*** Begin section ***
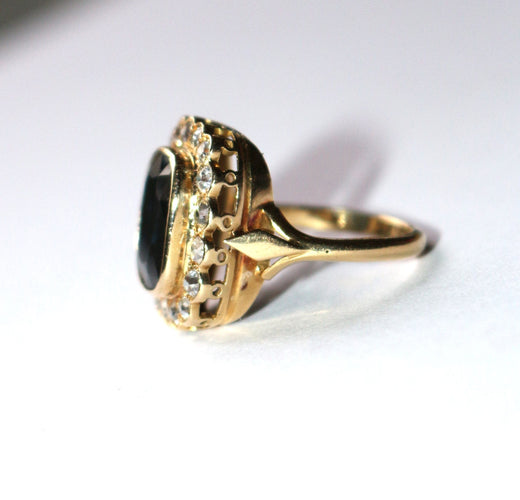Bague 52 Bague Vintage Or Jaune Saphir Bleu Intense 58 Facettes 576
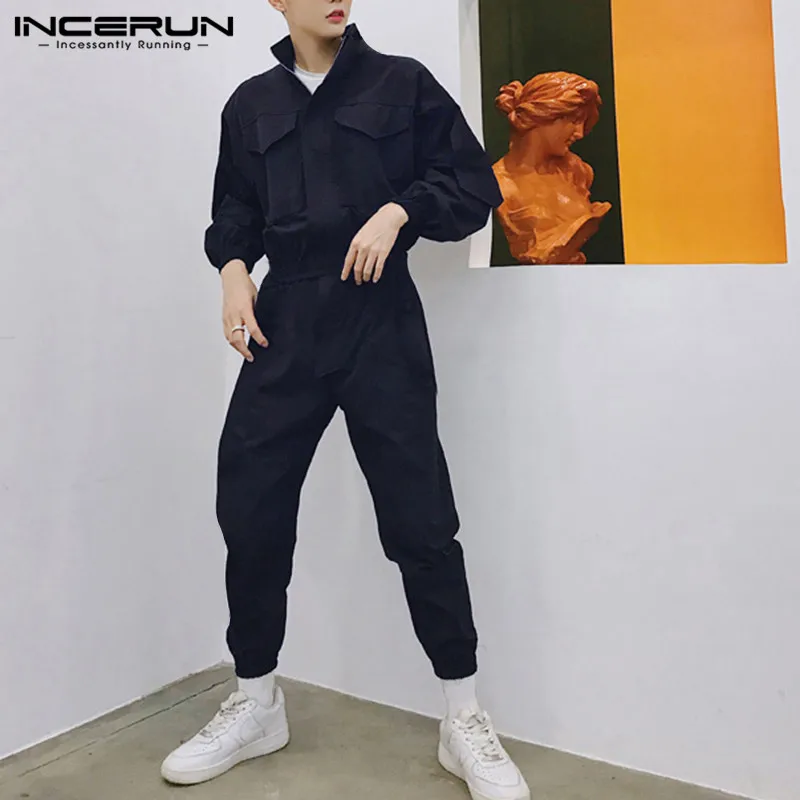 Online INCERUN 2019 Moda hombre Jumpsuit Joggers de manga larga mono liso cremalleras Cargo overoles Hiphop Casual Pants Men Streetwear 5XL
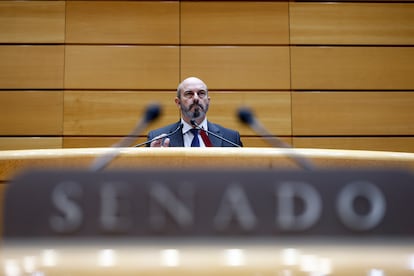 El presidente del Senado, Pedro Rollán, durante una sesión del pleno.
*** End section ***
*** Begin section ***
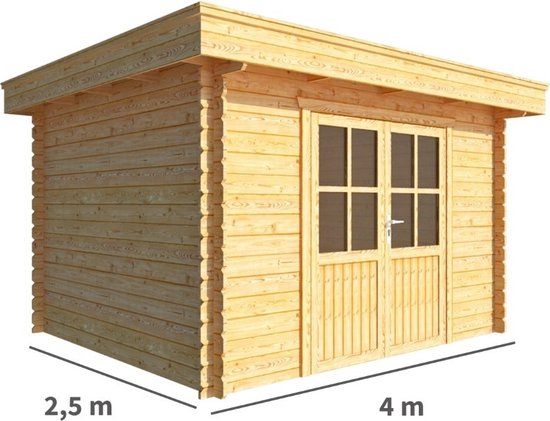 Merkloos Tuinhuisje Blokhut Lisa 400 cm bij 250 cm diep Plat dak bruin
*** End section ***
Activity →
Look above for the line with "Bague 52 Bague"; quote it and every line after it, stopping after the line with "El presidente del", exactly, with nothing added and without pictures.

Result of this task →
Bague 52 Bague Vintage Or Jaune Saphir Bleu Intense 58 Facettes 576
 Online INCERUN 2019 Moda hombre Jumpsuit Joggers de manga larga mono liso cremalleras Cargo overoles Hiphop Casual Pants Men Streetwear 5XL
 El presidente del Senado, Pedro Rollán, durante una sesión del pleno.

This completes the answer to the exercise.